▶ [Extracted data]:

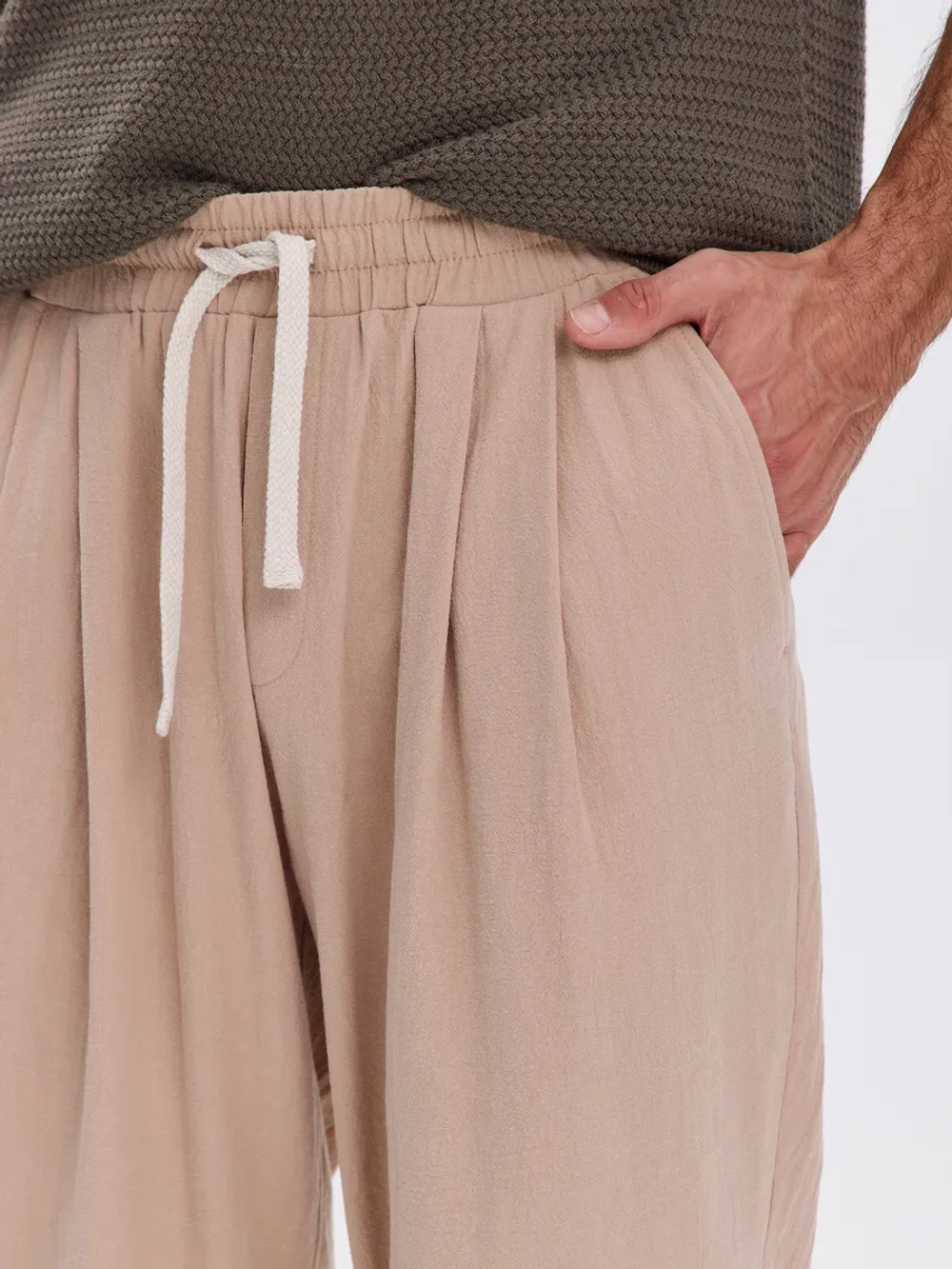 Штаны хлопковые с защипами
--
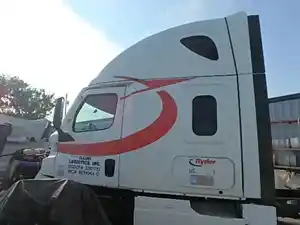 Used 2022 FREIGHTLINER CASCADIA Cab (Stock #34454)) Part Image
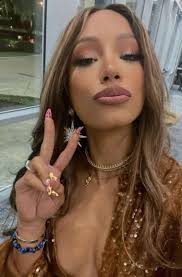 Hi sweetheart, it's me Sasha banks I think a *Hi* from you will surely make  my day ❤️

▶ [Aim of the exercise]:
Copy out exactly the material that runs from the line with "Used 2022 FREIGHTLINER" to the line with "Hi sweetheart, it's", ends included, and leave the pictures behind.

▶ [Your solution]:
 Used 2022 FREIGHTLINER CASCADIA Cab (Stock #34454)) Part Image
 Hi sweetheart, it's me Sasha banks I think a *Hi* from you will surely make  my day ❤️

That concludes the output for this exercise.